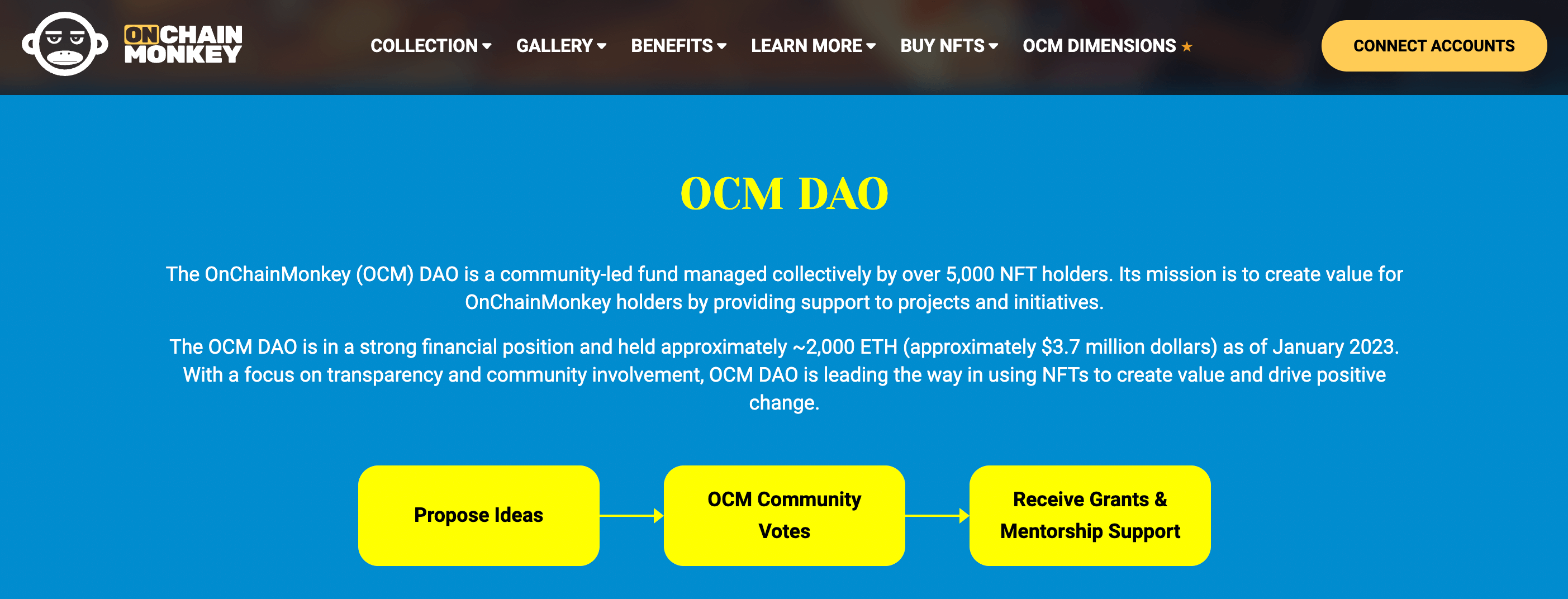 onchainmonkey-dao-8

...

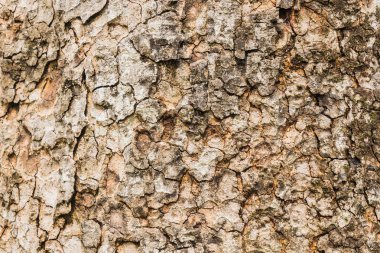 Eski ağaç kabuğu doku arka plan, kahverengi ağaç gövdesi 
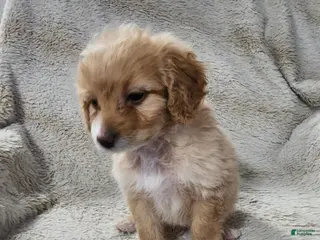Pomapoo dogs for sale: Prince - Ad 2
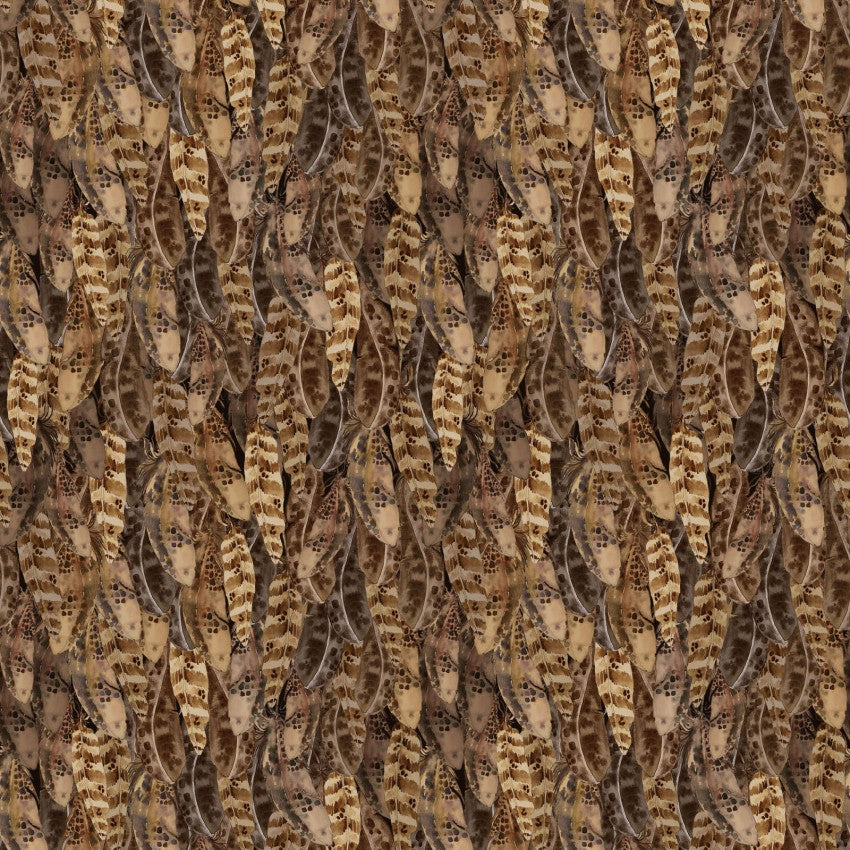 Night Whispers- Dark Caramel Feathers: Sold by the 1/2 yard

---

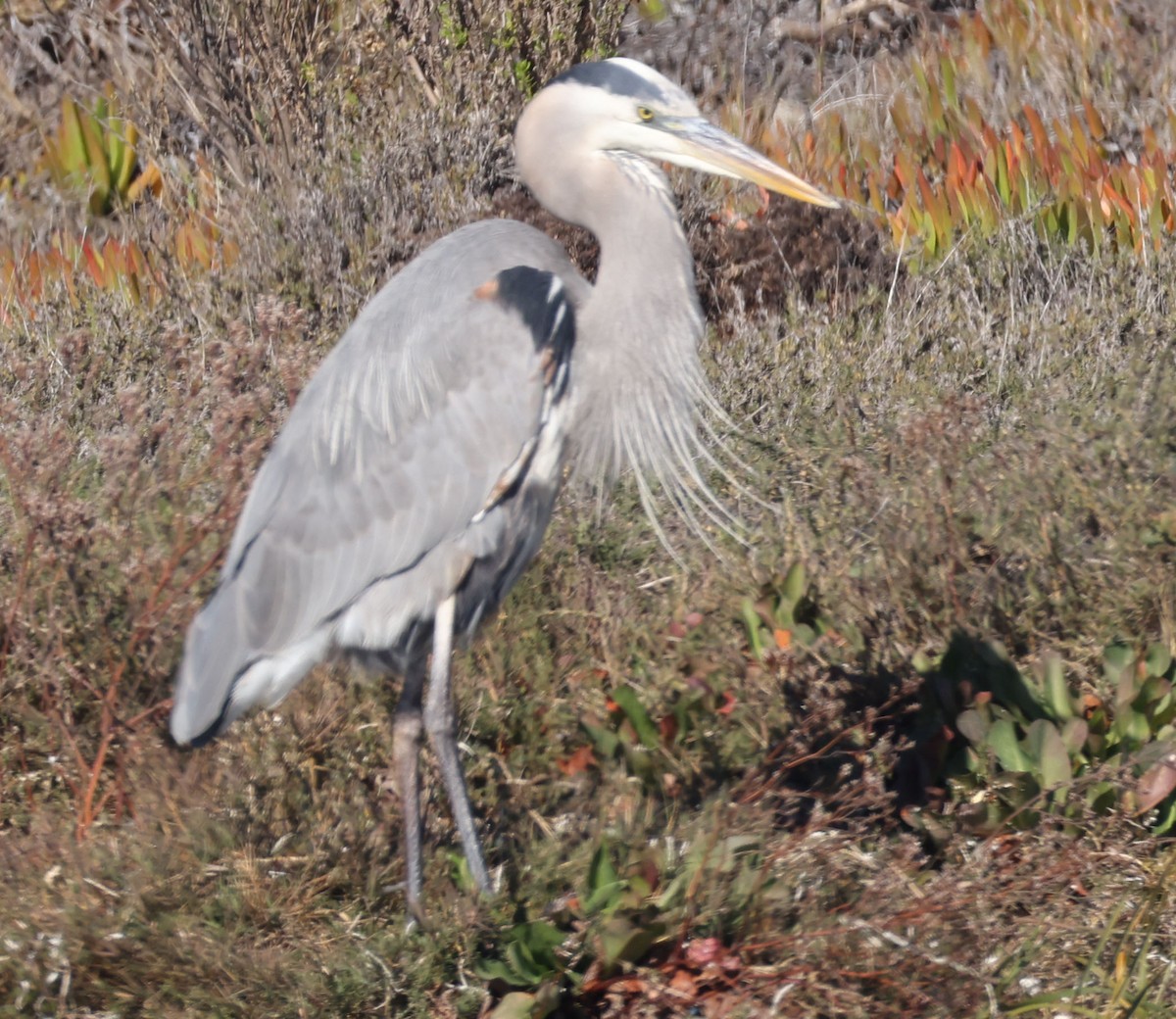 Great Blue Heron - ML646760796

■ **WHAT YOU ARE ASKED TO DO**
Without the pictures, give again exactly the lines above starting at the line containing "Eski ağaç kabuğu" and ending at the line containing "Night Whispers- Dark".

■ **YOUR RESPONSE**
 Eski ağaç kabuğu doku arka plan, kahverengi ağaç gövdesi 
Pomapoo dogs for sale: Prince - Ad 2
 Night Whispers- Dark Caramel Feathers: Sold by the 1/2 yard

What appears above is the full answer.